Data manipulation, analysis and visualisation in Python

Specialist course Doctoral schools of Ghent University

View the Project on GitHub jorisvandenbossche/DS-python-data-analysis

Course setup

To get started, you should have the following elements setup:

  1. Download the course material to your computer
  2. Install Python and the required Python packages using conda
  3. Test your configuration and installation
  4. Start Jupyter lab

In the following sections, more details are provided for each of these steps. When all three are done, you are ready to start coding!

1. Getting the course materials

Option 1: You are already a git user

As the course has been set up as a git repository managed on Github, you can clone the entire course to your local machine. Use the command line to clone the repository and go into the course folder:

git clone https://github.com/jorisvandenbossche/DS-python-data-analysis.git
cd DS-python-data-analysis

In case you would prefer using Github Desktop, see this tutorial.

Option 2: You are not a git user

To download the repository to your local machine as a zip-file, click the download ZIP on the repository page https://github.com/jorisvandenbossche/DS-python-data-analysis (green button “Code”):

Download button

After the download, unzip on the location you prefer within your user account (e.g. My Documents, not C:\). Watch out for a nested ‘DS-python-data-analysis/DS-python-data-analysis’ folder structure after unzipping and move the inner DS-python-data-analysis folder to your preferred location.

Note: Make sure you know where you stored the course material, e.g. C:/Users/yourusername/Documents/DS-python-data-analysis.

2. Install Python and the required Python packages using conda

For scientific and data analysis, we recommend to use conda, a command line tool for package and environment management (https://docs.conda.io/projects/conda/). conda allows us to install a Python distribution with the the scientific libraries we will use in this course (this recommendation applies to all platforms, so for both Windows, Linux and Mac).

2.1 Install conda

Option 1: I do not have conda installed

We recommend to use the installer provided by the conda-forge community: https://conda-forge.org/download/.

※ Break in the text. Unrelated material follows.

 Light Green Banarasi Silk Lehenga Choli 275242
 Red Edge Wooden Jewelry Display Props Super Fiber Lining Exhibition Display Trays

Follow the instructions on that page, i.e. first download the appropriate installed (depending on your operating system), and then run that installer.

On Windows, this will mean double-clicking the downloaded .exe file, and following the instructions. During installation, choose the options (click checkbox):

On MacOS or Linux, you have to open a terminal, and run bash Miniforge3-$(uname)-$(uname -m).sh

Option 2: I already have conda, Anaconda or Miniconda installed

When you already have an installation of conda or Anaconda, you have to make sure you are working with a recent version. If you installed it only a few months ago, this step is probably not needed, otherwise follow the next steps:

  1. Open a terminal window (on Windows, use the dedicated “Anaconda Prompt” or “Miniforge Prompt”, via Start Menu)
  2. Run conda update conda, by typing that command, hit the ENTER-button (make sure you have an internet connection), and respond with Yes by typing y.
  3. Run conda config --add channels conda-forge, by typing that command, hit the ENTER-button
  4. Run conda config --set channel_priority strict, by typing that command, hit the ENTER-button

If you are using Anaconda on Windows, replace each time “Miniforge Prompt” by “Anaconda Prompt” in the following sections.

2.2 Setup after conda installation

Now we will use conda to install the Python packages we are going to use throughout this course. As a good practice, we will create a new conda environment to work with.

The packages used in the course are enlisted in an environment.yml file. The file looks as follows:

name: DS-python
channels:
- conda-forge
dependencies:
- python=3.12
- geopandas
- ...

The file contains information on:

The environment.yml file for this course is included in the course material you downloaded.

Now we can create the environment:

  1. Open the terminal window (on Windows use “Miniforge Prompt”, open it via Start Menu > ‘Miniforge Prompt’)
  2. Navigate to the directory where you downloaded the course materials (that directory should contain a environment.yml file, double check in your file explorer).:

    cd FOLDER_PATH_TO_COURSE_MATERIAL
    

    (Make sure to hit the ENTER-button to run the command)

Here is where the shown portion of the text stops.